* _Data for analysis_
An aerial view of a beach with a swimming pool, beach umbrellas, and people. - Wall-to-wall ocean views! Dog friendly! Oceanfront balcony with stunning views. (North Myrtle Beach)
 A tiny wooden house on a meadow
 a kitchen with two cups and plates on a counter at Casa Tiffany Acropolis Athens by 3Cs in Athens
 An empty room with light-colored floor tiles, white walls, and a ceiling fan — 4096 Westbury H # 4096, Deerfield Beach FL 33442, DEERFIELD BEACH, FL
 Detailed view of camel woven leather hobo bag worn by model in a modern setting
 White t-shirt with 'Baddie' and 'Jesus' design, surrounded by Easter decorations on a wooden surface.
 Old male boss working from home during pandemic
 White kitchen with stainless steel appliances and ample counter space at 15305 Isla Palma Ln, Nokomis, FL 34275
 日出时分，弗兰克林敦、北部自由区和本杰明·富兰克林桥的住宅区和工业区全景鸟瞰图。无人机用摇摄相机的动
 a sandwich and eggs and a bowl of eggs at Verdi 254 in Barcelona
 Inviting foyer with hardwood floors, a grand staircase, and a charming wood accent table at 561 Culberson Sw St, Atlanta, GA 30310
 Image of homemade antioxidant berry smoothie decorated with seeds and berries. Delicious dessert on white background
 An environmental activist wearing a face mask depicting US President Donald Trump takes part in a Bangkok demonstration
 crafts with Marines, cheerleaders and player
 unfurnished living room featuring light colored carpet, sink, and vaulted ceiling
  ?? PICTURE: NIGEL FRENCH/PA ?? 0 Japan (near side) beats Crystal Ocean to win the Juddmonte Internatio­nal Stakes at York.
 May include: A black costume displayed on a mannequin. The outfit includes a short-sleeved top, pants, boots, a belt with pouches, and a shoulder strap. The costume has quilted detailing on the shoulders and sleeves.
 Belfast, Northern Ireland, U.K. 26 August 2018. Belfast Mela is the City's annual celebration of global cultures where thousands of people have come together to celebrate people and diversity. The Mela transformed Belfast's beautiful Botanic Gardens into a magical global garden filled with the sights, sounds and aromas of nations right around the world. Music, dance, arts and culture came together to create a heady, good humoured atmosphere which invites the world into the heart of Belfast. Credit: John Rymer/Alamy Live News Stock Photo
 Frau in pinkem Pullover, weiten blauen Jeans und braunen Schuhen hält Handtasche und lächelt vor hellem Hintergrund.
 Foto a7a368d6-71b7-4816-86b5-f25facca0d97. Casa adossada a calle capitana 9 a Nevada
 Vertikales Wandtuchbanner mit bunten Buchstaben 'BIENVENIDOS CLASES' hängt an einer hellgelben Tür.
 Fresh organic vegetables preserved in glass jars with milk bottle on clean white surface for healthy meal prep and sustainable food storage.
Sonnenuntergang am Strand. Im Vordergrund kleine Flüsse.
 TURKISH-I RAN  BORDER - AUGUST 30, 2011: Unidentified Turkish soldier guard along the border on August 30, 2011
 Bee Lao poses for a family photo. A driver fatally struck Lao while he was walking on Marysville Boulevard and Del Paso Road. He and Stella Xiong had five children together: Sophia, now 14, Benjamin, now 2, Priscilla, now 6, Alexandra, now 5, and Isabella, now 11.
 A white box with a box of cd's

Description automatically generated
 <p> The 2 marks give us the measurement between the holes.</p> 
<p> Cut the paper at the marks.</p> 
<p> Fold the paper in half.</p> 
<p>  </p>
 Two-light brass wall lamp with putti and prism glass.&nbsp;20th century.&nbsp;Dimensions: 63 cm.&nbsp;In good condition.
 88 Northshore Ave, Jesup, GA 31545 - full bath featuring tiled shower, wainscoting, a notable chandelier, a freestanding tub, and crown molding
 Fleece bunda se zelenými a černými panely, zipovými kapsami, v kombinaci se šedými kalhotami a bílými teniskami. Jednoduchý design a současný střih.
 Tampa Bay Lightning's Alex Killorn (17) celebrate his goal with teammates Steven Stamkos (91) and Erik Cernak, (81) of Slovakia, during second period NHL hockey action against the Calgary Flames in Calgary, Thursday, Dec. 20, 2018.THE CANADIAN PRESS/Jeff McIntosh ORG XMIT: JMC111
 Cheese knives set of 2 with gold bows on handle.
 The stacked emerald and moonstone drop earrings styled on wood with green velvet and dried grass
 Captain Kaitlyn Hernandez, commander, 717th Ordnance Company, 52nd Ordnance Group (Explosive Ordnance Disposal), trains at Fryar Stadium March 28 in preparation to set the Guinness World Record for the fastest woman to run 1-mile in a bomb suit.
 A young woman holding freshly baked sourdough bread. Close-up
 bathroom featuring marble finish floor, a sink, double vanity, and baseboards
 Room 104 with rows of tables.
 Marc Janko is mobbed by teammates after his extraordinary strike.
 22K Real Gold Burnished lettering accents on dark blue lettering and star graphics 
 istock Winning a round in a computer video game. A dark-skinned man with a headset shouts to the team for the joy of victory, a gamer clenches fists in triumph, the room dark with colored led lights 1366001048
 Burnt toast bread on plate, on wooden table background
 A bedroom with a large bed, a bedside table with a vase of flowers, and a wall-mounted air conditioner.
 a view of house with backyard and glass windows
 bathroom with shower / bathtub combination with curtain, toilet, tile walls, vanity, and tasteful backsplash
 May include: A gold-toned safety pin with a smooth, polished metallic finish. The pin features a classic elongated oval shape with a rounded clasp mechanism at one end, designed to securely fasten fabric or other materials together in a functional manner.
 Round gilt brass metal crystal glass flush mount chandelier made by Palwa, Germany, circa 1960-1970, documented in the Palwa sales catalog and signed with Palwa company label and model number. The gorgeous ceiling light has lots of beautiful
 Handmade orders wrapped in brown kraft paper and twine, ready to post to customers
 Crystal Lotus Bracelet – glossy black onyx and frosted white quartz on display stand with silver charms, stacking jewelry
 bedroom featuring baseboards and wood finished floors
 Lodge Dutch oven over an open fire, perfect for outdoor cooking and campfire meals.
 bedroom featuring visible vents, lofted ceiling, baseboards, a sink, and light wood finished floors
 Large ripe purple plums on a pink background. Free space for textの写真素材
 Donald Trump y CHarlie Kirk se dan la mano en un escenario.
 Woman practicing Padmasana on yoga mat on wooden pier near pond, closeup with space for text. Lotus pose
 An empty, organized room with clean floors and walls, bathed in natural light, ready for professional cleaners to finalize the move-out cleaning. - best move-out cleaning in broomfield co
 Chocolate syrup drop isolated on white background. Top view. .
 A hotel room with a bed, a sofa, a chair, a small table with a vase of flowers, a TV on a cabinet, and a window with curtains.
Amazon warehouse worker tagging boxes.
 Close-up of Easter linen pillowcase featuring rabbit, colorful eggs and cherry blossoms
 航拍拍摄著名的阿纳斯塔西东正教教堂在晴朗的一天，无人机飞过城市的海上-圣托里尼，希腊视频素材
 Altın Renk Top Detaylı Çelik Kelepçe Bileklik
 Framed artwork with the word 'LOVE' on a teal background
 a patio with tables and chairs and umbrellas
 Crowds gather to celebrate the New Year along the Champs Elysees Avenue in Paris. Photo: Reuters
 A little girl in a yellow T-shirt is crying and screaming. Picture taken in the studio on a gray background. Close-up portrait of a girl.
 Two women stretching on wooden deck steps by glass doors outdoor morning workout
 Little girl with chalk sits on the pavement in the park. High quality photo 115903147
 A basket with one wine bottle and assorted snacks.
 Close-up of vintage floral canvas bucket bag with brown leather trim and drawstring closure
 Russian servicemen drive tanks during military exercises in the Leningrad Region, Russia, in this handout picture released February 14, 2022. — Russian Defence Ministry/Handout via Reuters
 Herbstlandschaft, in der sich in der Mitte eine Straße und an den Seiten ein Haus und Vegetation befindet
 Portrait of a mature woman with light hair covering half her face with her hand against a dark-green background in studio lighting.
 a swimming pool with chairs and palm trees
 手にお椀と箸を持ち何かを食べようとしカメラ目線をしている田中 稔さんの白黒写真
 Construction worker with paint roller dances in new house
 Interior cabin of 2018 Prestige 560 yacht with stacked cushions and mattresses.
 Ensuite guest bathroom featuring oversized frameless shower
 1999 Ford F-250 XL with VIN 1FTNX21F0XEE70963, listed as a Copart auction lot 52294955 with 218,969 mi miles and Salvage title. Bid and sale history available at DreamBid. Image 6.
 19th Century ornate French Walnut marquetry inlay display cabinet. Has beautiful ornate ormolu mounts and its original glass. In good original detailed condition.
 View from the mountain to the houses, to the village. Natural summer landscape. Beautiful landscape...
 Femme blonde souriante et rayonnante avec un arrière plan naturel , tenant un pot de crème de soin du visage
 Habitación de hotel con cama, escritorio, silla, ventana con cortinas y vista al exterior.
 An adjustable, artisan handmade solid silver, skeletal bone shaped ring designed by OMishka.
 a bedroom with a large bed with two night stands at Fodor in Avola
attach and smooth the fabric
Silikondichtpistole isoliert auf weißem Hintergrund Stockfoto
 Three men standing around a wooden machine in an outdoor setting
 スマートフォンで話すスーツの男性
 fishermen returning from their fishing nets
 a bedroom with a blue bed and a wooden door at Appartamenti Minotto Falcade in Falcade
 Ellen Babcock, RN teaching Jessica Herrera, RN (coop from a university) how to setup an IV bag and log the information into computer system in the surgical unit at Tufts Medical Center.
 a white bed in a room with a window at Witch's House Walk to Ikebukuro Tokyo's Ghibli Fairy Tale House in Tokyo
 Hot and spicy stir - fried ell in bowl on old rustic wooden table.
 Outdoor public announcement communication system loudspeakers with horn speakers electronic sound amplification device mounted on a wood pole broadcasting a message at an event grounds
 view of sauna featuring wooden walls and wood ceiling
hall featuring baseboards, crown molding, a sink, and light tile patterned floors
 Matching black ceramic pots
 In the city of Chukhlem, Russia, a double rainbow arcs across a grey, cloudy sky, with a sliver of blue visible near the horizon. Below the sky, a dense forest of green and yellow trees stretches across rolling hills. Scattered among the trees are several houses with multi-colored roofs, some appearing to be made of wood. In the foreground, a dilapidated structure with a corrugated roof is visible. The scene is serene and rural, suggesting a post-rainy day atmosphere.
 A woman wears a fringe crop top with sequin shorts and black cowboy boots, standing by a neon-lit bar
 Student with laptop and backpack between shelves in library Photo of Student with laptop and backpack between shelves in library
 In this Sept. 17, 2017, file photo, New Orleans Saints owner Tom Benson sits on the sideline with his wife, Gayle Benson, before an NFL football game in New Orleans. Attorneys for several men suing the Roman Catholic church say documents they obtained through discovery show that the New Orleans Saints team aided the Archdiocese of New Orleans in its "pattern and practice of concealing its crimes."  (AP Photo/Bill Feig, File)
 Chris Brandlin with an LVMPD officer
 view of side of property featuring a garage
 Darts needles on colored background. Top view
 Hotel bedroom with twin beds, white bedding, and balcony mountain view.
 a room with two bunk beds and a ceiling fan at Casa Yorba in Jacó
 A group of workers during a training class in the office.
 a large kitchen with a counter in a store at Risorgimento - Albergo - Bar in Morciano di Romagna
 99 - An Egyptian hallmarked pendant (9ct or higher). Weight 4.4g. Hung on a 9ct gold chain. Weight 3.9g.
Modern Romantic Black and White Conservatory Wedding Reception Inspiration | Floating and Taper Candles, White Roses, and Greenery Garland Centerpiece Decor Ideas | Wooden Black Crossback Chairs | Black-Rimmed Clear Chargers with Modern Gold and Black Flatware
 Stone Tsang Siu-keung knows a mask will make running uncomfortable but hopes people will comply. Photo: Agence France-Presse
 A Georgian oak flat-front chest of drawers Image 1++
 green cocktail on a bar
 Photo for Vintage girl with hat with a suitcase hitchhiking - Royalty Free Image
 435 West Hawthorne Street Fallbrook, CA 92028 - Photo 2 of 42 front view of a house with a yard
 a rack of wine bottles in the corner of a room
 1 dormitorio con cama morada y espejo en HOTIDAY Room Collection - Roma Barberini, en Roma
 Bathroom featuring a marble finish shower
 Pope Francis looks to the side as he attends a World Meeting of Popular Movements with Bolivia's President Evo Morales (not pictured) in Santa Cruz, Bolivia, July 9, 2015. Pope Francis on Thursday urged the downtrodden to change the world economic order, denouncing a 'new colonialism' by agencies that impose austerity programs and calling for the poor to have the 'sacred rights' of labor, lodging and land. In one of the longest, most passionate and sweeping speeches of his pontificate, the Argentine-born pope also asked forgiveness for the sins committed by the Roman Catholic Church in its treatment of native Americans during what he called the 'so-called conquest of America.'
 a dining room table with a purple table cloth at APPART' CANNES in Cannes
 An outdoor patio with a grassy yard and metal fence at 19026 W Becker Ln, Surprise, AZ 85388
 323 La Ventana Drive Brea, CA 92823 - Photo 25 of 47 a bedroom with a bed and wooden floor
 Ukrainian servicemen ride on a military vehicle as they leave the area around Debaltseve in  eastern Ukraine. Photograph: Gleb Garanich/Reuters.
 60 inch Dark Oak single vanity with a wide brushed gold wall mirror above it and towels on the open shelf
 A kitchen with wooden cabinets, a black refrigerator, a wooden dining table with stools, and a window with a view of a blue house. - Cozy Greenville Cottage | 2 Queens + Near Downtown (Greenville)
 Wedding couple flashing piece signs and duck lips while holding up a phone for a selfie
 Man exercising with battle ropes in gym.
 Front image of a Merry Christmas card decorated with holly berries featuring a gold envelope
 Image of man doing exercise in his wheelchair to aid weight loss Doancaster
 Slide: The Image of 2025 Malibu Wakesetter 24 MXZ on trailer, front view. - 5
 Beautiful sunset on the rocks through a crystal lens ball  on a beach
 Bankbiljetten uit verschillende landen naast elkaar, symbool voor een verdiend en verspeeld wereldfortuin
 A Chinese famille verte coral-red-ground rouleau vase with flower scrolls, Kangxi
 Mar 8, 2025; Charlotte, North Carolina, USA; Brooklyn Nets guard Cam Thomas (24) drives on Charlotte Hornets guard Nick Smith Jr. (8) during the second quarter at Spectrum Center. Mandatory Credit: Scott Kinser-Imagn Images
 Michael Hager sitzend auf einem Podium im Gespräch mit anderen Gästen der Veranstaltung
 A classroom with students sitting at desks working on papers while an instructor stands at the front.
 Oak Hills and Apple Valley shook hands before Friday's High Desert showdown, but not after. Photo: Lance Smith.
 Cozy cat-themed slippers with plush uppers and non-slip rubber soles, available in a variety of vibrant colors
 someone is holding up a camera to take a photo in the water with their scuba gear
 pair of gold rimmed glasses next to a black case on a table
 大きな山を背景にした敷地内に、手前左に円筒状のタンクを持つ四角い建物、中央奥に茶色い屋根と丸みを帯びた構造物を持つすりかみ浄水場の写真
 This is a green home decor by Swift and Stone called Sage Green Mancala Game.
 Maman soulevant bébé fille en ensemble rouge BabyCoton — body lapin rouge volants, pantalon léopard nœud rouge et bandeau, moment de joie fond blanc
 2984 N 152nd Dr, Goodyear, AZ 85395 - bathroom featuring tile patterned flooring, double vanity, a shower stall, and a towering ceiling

* _About this exercise_
Only one stretch of the records above is wanted: the lines between the one holding "fishermen returning from their fishing nets" and the one holding "In the city", inclusive, reproduced exactly.

* _Result_
 fishermen returning from their fishing nets
 a bedroom with a blue bed and a wooden door at Appartamenti Minotto Falcade in Falcade
 Ellen Babcock, RN teaching Jessica Herrera, RN (coop from a university) how to setup an IV bag and log the information into computer system in the surgical unit at Tufts Medical Center.
 a white bed in a room with a window at Witch's House Walk to Ikebukuro Tokyo's Ghibli Fairy Tale House in Tokyo
 Hot and spicy stir - fried ell in bowl on old rustic wooden table.
 Outdoor public announcement communication system loudspeakers with horn speakers electronic sound amplification device mounted on a wood pole broadcasting a message at an event grounds
 view of sauna featuring wooden walls and wood ceiling
hall featuring baseboards, crown molding, a sink, and light tile patterned floors
 Matching black ceramic pots
 In the city of Chukhlem, Russia, a double rainbow arcs across a grey, cloudy sky, with a sliver of blue visible near the horizon. Below the sky, a dense forest of green and yellow trees stretches across rolling hills. Scattered among the trees are several houses with multi-colored roofs, some appearing to be made of wood. In the foreground, a dilapidated structure with a corrugated roof is visible. The scene is serene and rural, suggesting a post-rainy day atmosphere.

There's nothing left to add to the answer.